I’m on a text chain with three friends from college. We can go a couple of days without messaging, but usually somebody throws something out there eventually. I realized today that that text chain had been silent for a long time – maybe a week? And then I remembered that my friends are all getting together this weekend… they aren’t texting because they are actually talking to each other, in the same room (and I’m sure this past week they were making and confirming plans on a different chain that didn’t include me, which was very kind of them).
This is not the first time I have not been on a trip with them. They have traveled together quite a bit, and there have been visits, like this one, that I couldn’t attend. I decided not to go this weekend because flying across country again with my kids would have cost a fortune, in both dollars and my sanity. Like so many times before, I couldn’t afford it, not because I can’t afford to travel, but because I’d prioritized other things instead (to be fair, this trip was planned only two months ago, long after my other travel plans had been finalized and tickets purchased).

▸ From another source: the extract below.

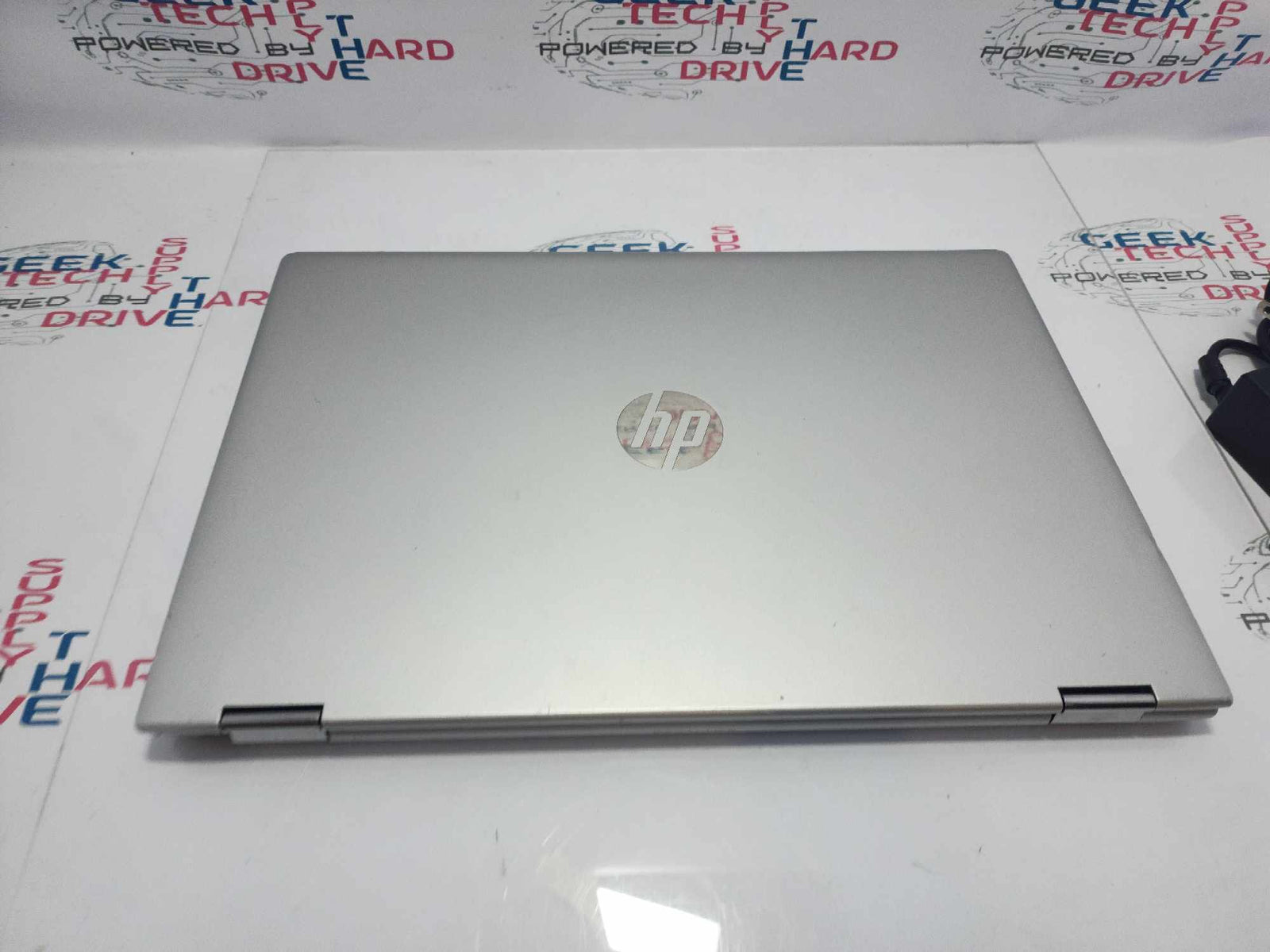 HP Laptop 15-CR0xxx 2-in-1 Touch Screen i3-8130U 1TB SSD 8GB DDR4 RAM Webcam Silver - Geek Tech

The weird thing is, I’m not sure how I feel about it. In the past I’ve felt all manner of things when I “couldn’t go”: jealousy, envy, self-pity, indifference, frustration, FOMO. I felt left behind and it hurt. And now, it seems like I should feel those things, especially since this is the first trip in which kids are included, and I’m the only one who won’t be there when this new chapter in their friendships is… consummated? I don’t know. It feels like a significant milestone, one I was desperate to share with them when I embarked on the insane journey that is motherhood, back when they weren’t even thinking of having kids, and couldn’t relate to anything I was going through (so I tried my best to pretend like it wasn’t happening at all). But now they are moms, with kids close in age, and they are together, and I am not…
Of course this weekend I’ll be away myself, and I’m sure all the logistics of traveling with two kids (again) will distract me much of the time. But we are visiting my husband’s friends and I will surely be left alone with the kids in the later evenings, (which is how it should be – I would expect the same if our situations were reversed) and so I’m sure my mind will wander, to my friends and what they are doing together…
The things is, we have all changed so much, and we live so far apart, and there are… complications, as there always are with long-term friends (especially those you met in college)… I’m not even sure who they are to me anymore, or who I am to them–I mean, they are and always will be, my three closest college girlfriends, but what does that mean anymore, 15 years after we graduated? Does that even make sense? So much has changed, we can’t just stay the same.
And that is why I’m not sure what to feel anymore. I am all too aware that the reality of something like that is never what you expect; I know the actual experience would be strange and exhausting in all kinds of complicated ways.
So yeah… that is where I will, and won’t, be this weekend.
Oh I can relate this post so much. I have a group of 7 girlfriends from college and instead of a text chain, we have an email chain. I have moved all over the place, while most of them have stayed fairly stable and had kids early. For a while I felt like I couldn’t relate to them and it was hard being the only infertile person in the group so I felt as if I was drifting away. In February I took a trip with most of them and it was great to have a long weekend with girlfriends. We have all changed since college, but there was a reason that we got along back then, so there is a reason that we got along once again. I think that making the effort to see them will help (not necessarily this time as I know your summer has been crazy)…as it has helped with me. We have talked about making the effort to get together at least once every three years.
I know that you have talked about needing girlfriends in the past and it sounds as if you are pretty close if you are texting all the time. I would continue to nurture that relationship.
I get massive FOMO and pity myself if my friends are having fun without me, even when I have chosen not to go. It’s stupid and I can talk myself out of it but it’s a huge trigger for me.
Though meeting friends with everyone’s kids is surprisingly stressful for me (for some reason I’m a kid magnet, and my friends’ kids are asking me to do stuff with them all the time, and then my own kids get jealous and I try to organize activities for everyone. It’s tiring). So, in your situation I definitely would have chosen a solo Equador trip over a get together with kids 😀 Sorry, I understand it’s not that simple, just reflecting my own situation-would love to travel alone a bit right now.